Yen Jepang: Risiko intervensi membatasi penurunan – BBH
Elias Haddad dari Brown Brothers Harriman (BBH) melaporkan USD/JPY telah bergerak di atas 159,00 karena kekuatan luas Dolar AS (USD) tetapi diprakirakan tetap di bawah 160,00 mengingat risiko intervensi. Pertumbuhan Produk Domestik Bruto (PDB) Jepang Kuartal I yang lebih kuat dari prakiraan dan pertumbuhan nominal yang kuat mendukung ekspektasi kebijakan Bank of Japan (BoJ) yang lebih ketat, dengan pasar memprakirakan probabilitas tinggi kenaikan suku bunga Juni seiring data Indeks Harga Konsumen (IHK) yang akan datang menjadi kunci.

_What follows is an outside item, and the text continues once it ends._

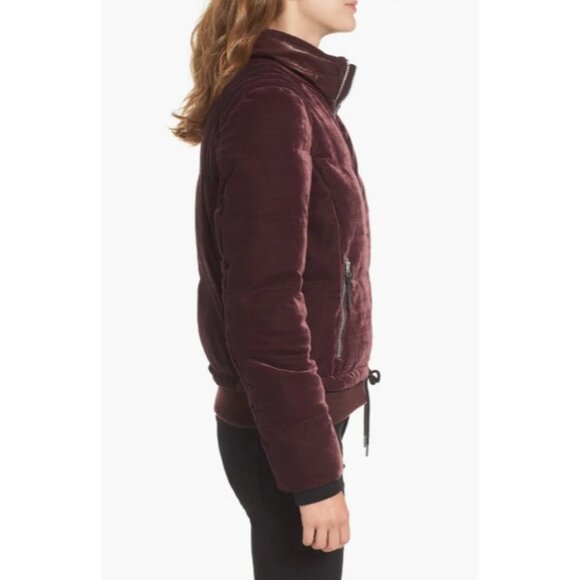 Marc New York Vita Bomber jacket Down & Feather Fill Velvet Burgundy SZ L NEW - Picture 3 of 6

Peluang kenaikan BoJ meningkat karena data yang kuat
"USD/JPY naik di atas 159,00 karena kekuatan USD tetapi harus bertahan di bawah 160,00 karena ancaman intervensi mata uang. Pertumbuhan PDB riil Jepang Kuartal I melampaui ekspektasi dan mendukung kebijakan BoJ yang lebih ketat. Ekonomi tumbuh sebesar 0,5% kuartal ke kuartal (konsensus: 0,4%) dibandingkan 0,2% di Kuartal IV (direvisi turun dari 0,3%) yang sebagian besar didorong oleh ekspor bersih (+0,3ppt). Pengurangan persediaan menjadi satu-satunya faktor yang menahan pertumbuhan (-0,1ppt)."
"Pasar swap masih memprakirakan sekitar 75% peluang kenaikan suku bunga Bank of Japan (BoJ) sebesar 25 basis poin (bp) menjadi 1,00% pada pertemuan 16 Juni. Data IHK Jepang bulan April pada hari Jumat seharusnya menyelesaikan perdebatan mengenai langkah BoJ pada bulan Juni."
"Sebagai catatan tambahan, latar belakang pertumbuhan Jepang yang lebih kuat meningkatkan kredibilitas fiskal negara tersebut. Pertumbuhan PDB nominal Jepang sebesar 4,0% secara tahunan di Kuartal I dibandingkan 3,7% di Kuartal IV tetap di atas imbal hasil JGB 10 tahun sebesar 2,78%, meredakan kekhawatiran tentang keberlanjutan utang."
(Artikel ini dibuat dengan bantuan alat Kecerdasan Buatan dan ditinjau oleh editor.)